Published March 28, 2025

On March 24, 2025, the Internal Revenue Service (IRS) reminded taxpayers that they can improve the probability of a prompt refund by filing a correct tax return. The IRS offered tax tips on the best ways to ensure a speedy refund.

  1. Tax Paperwork – Taxpayers should gather all their tax documents. The basic documents are IRS Form W-2’s, Form 1099’s and other information forms. There may be specific paperwork to support income tax deductions, education credits or mortgage interest payments. It is helpful to have the adjusted gross income (AGI) from your prior year tax return if you plan to file electronically. You can use an IRS Individual Online Account to view a Form W-2, Wage and Tax Statement or Form 1095-A, Health Insurance Marketplace Statement. These are under the Records and Status tab in your IRS account.
  2. Names, Birthdates and Social Security Numbers (SSNs) – You must provide the correct name, date of birth and SSN for each dependent. Your name should be entered exactly as it appears on your Social Security card. If a dependent does not have an SSN, you can request an Individual Tax Identification Number (ITIN).
  3. Electronic Filing – The IRS recommends you reduce math errors by using electronic filing.
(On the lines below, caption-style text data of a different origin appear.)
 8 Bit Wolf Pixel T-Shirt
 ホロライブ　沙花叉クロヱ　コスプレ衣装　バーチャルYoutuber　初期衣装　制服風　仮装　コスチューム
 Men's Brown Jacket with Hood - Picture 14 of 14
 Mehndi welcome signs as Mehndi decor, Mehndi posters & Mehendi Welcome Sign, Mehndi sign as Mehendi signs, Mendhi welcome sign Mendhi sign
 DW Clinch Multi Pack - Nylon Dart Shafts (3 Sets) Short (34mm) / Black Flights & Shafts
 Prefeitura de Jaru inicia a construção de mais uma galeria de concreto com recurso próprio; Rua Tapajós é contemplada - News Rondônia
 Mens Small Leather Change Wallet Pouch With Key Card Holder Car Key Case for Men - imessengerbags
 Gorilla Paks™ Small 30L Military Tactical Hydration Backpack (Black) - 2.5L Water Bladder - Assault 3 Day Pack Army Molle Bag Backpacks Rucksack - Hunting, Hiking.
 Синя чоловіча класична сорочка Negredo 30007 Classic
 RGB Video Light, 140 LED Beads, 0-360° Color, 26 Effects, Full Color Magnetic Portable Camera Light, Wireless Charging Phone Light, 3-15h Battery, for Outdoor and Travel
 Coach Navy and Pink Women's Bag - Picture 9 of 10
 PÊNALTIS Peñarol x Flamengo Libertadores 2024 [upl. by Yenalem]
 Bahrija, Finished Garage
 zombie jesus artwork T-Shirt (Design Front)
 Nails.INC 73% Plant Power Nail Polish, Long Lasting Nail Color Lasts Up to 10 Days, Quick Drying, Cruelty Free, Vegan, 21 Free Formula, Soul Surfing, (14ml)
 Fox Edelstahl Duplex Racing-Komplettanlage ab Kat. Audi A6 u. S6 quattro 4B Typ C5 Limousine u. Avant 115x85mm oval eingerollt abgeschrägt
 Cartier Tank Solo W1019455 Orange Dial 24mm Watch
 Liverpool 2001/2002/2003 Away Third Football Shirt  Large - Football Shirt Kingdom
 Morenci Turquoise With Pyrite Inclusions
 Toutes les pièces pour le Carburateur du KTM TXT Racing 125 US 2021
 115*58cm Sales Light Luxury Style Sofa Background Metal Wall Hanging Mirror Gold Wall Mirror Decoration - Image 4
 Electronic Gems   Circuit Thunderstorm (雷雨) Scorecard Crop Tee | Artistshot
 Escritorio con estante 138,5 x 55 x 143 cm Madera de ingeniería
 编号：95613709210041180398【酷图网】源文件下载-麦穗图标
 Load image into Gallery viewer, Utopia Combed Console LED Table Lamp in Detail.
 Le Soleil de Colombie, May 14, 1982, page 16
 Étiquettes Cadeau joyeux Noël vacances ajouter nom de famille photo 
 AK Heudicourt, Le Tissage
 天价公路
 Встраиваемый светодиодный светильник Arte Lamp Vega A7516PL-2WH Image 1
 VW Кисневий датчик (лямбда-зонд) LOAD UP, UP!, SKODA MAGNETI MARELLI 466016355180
This might include IRS Free File, Free File Fillable Forms or Direct File. Your online tax software may highlight your potential tax credits or deductions. It also will check your return and prompt an entry if you have failed to include important information. If you choose to submit a paper tax return, you must be certain that you have the correct mailing address for the IRS. You can find the mailing address on IRS.gov.
  4. Taxable Income – The majority of income is taxable. If you do not report your taxable income, you could be required to pay interest and penalties. Income includes interest earned from financial accounts, unemployment benefits, income from services or the gig economy and sale of digital assets.
  5. Digital Assets – All taxpayers are asked on their tax return to answer either "Yes" or "No" to a digital asset question. You must answer this question even if you have not bought or sold digital assets in 2024. If you have a digital asset transaction, you should visit the Digital Assets webpage on IRS.gov.
  6. Bank Routing and Account Numbers – Most taxpayers request an electronic transfer of their refund into a bank account. You should check to be certain you have the correct routing and account numbers. These are on the lower portion of a check. The routing and account numbers are also available on some prepaid debit cards. This is an option if you do not have a bank account.
  7. Sign and Date – If you have a joint tax return, both spouses must sign and date the return. If you are filing electronically, you will need to authenticate the tax return by including your adjusted gross income from the prior year.
  8. Tax Payments – Tax payments are due on April 15. Individuals in a federally declared disaster zone usually receive additional time to file. You may make payments using the Individual Online Account, Direct Pay, the Electronic Federal Tax Payment System (EFTPS) or through a debit or credit card.
  9. Tax Filing Extension – Taxpayers may request a six-month extension for filing until October 15, 2025. You can pay using one of the online payment options and check the box requesting an extension. You can file Form 4868, Application for Automatic Extension of Time to File U.S. Individual Income Tax Return or request an extension through IRS Free File. The extension allows extra time for filing but is not an extension of time to make your tax payment. The exception to this rule is a limited number of individuals who are in a federally declared disaster zone.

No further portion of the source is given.